Synopsis: When carefree Nyles and reluctant maid of honor Sarah have a chance encounter at a Palm Springs wedding, things get complicated as they are unable to escape the venue, themselves, or each other.
Stars: Andy Samberg, Cristin Milioti, Dale Dickey, Tyler Hoechlin, J.K. Simmons, Camila Mendes
Director: Max Barbakow
Running Length: 90 minutes
TMMM Score: (8/10)
Review: Most movies are written, produced, and edited months and months before their intended release date so it would be impossible for any film to truly predict where the world would be when the project is revealed for public consumption. Occasionally there are times when a movie is released at an opportune time that just happens to coincide with a major event and it seems like the creators had a kind of crystal ball in predicting the future. An example off the top of my head is when The China Syndrome was released in March of 1979, a mere twelve days before the nuclear incident at Twelve Mile Island which bore a striking resemblance to the events depicted in the movie.
So you have to imagine that aside from general feelings of concern for their family, friends, and loved ones the creators of the Sundance hit Palm Springs were just a little happy to see their movie expressed tracked from its original theatrical release by distributors Hulu and Neon and sent right to Hulu’s streaming platform in time for the fourth of July weekend. After all, by this time countless potential viewers had been cooped up indoors since early March and had been living what felt like the same day over and over again. What better way to reward them than by offering up relatable laughs in a smart, funny comedy about a guy and girl stuck in a similar situation?

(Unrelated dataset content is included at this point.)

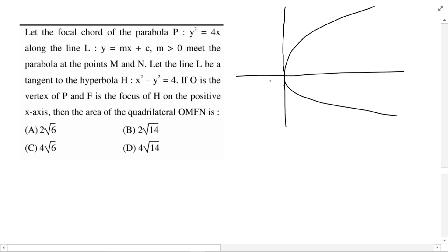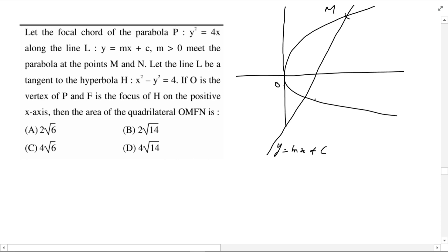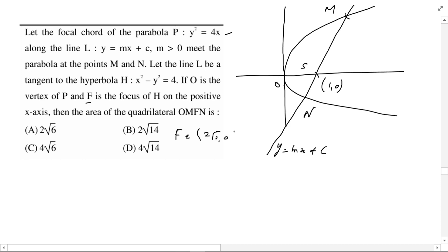The parabola vertex is at the origin and the straight line given is the focal chord. The parabola focus is (1, 0). Next is the rectangular hyperbola given. The focus F of the rectangular hyperbola on the positive x-axis: for x² - y² = 4, a² = 4, so F is at (2√2, 0).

Waking up on the morning of a friend’s wedding he doesn’t want to attend with a girlfriend he doesn’t like, Nyles (Andy Samberg, Hotel Transylvania 2) is already over it. He goes through the motions of the day and barely makes an effort to stay present at the wedding or the reception after. His interactions with the guests seems strident at times, gregarious at others…like that fun guy at the party who can turn on a dime if he has one drink over his limit. He does wind up having too many and saves maid of honor Sarah (Cristin Milioti, The Wolf of Wall Street) from making a speech she clearly doesn’t want to give. Finding a kindred soul also having a terrible time, Sarah is intrigued by Nyles and follows him for the rest of the evening…eventually leading her to a cave in the desert with a special power. She enters and then wakes up the next morning…which is the same morning as the one before.
Turns out the cave holds a portal in the time space continuum and Sarah has joined Nyles in a never-ending time loop where they have to relive the same day over and over again. It doesn’t matter how far they drive or where they are when the day has ended, they’ll always wake up in exactly the same place they woke up the day they went into the cave. Nyles has lost track of how many days he’s been the loop but Sarah is determined to find a way out, mostly because she’s harboring a secret of why this particular day is one she’s not eager to relieve for eternity.
Obviously, the easy comparison to make here is Groundhog Day and there are flashes of that classic Bill Murray film in some of the concepts found in Andy Siara’s screenplay. There’s also a little Happy Death Day 2U with a brief diversion into death not being a way out of the loop. Yet Palm Springs is very much its own individual film and that’s due in no small part to Siara balancing the humor with a few reality checks along the way. That’s especially surprising giving the people involved behind the scenes who aren’t usually known for living with two feet on the ground.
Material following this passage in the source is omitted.